200 WHP daily driven is not a easy task

http://forums.vwvortex.com/showthread.php?5066941-Project-direction-guidence-needed


----------



## simon_C (Oct 5, 2006)

Svedka said:


> 200 WHP daily driven is not a easy task
> 
> http://forums.vwvortex.com/showthread.php?5066941-Project-direction-guidence-needed


good info. thats the stuff im looking for.. i guess i can settle for less. heh oh well


----------



## Svedka (Jul 4, 2008)

simon_C said:


> good info. thats the stuff im looking for.. i guess i can settle for less. heh oh well


More

http://forums.vwvortex.com/showthread.php?5078261-189whp-153wtq-2.0l-16v-ABF-Info-inside


----------



## antichristonwheels (Jun 14, 2001)

the power is in the head. You have to spend $ on the head. A 16V flows better from the start. It doesn't hurt to start with more displacement but its really starts costing to get much beyond 2.1 liters. My new Rabbit truck build "should" be making those numbers. TDI crank with 84mm JE pistons, balanced everything, Collin head, bigger valves, Weber 45s, Electromotive crank trigger ignition. I have less than 1000 miles on the build. It pulls like a 100 inch Harley. No need to downshift, just give it some pedal. It is great to not get cut off on the interstate cause people aren't expecting it to move so quickly and couldn't match it anyway. Thus far it has not been quite to 100 but it certainly gets there quick.


----------



## Prof315 (Jan 5, 2009)

antichristonwheels said:


> the power is in the head. You have to spend $ on the head. A 16V flows better from the start. It doesn't hurt to start with more displacement but its really starts costing to get much beyond 2.1 liters. My new Rabbit truck build "should" be making those numbers. TDI crank with 84mm JE pistons, balanced everything, Collin head, bigger valves, Weber 45s, Electromotive crank trigger ignition. I have less than 1000 miles on the build. It pulls like a 100 inch Harley. No need to downshift, just give it some pedal. It is great to not get cut off on the interstate cause people aren't expecting it to move so quickly and couldn't match it anyway. Thus far it has not been quite to 100 but it certainly gets there quick.

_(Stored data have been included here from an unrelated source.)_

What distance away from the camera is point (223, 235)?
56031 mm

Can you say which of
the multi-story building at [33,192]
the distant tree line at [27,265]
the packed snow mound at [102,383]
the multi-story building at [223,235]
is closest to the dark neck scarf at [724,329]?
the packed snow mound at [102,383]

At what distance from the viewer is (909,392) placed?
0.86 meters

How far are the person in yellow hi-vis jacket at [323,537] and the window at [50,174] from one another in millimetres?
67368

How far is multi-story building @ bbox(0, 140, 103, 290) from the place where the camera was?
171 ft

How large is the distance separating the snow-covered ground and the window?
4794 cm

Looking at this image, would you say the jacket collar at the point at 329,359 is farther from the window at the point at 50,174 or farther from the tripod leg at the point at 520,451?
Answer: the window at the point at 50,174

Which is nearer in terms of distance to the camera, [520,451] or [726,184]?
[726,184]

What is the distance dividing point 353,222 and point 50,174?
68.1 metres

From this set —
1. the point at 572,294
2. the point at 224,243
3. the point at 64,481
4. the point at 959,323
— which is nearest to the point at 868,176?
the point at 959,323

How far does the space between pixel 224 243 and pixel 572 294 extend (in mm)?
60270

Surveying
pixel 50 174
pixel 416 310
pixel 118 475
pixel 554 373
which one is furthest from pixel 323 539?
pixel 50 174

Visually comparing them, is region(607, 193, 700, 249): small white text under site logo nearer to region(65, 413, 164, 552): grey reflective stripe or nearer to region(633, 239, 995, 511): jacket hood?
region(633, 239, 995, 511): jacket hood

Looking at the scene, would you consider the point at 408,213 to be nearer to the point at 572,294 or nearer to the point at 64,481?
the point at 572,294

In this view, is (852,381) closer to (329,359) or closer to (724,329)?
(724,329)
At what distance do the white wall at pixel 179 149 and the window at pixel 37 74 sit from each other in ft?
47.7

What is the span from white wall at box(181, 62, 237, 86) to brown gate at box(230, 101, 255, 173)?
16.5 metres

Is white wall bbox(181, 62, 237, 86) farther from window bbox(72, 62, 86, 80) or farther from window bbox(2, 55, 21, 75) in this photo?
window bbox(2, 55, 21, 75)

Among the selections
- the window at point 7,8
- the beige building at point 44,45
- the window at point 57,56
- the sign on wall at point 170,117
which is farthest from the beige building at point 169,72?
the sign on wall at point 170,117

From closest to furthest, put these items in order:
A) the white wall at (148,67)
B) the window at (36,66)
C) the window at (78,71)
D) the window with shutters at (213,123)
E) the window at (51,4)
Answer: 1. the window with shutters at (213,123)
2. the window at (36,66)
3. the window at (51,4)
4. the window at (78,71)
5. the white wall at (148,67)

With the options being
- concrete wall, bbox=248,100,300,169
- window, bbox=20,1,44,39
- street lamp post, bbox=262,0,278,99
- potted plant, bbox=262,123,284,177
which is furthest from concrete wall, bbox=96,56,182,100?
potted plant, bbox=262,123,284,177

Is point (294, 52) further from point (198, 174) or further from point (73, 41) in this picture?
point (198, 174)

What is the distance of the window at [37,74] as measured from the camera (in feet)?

There's no such thing as a Harley that pulls . and all you need is 65 ci on a bike to go fast. 

On the serious side I agree... You make power with a good cylinder head. But simply bowl hogging and opening the ports is not the answer. Ya know the old saying power costs money, how fast do you want to go? Get your checkbook out what you want to do ain't cheap.


----------



## simon_C (Oct 5, 2006)

Prof315 said:


> There's no such thing as a Harley that pulls . and all you need is 65 ci on a bike to go fast.
> 
> On the serious side I agree... You make power with a good cylinder head. But simply bowl hogging and opening the ports is not the answer. Ya know the old saying power costs money, how fast do you want to go? Get your checkbook out what you want to do ain't cheap.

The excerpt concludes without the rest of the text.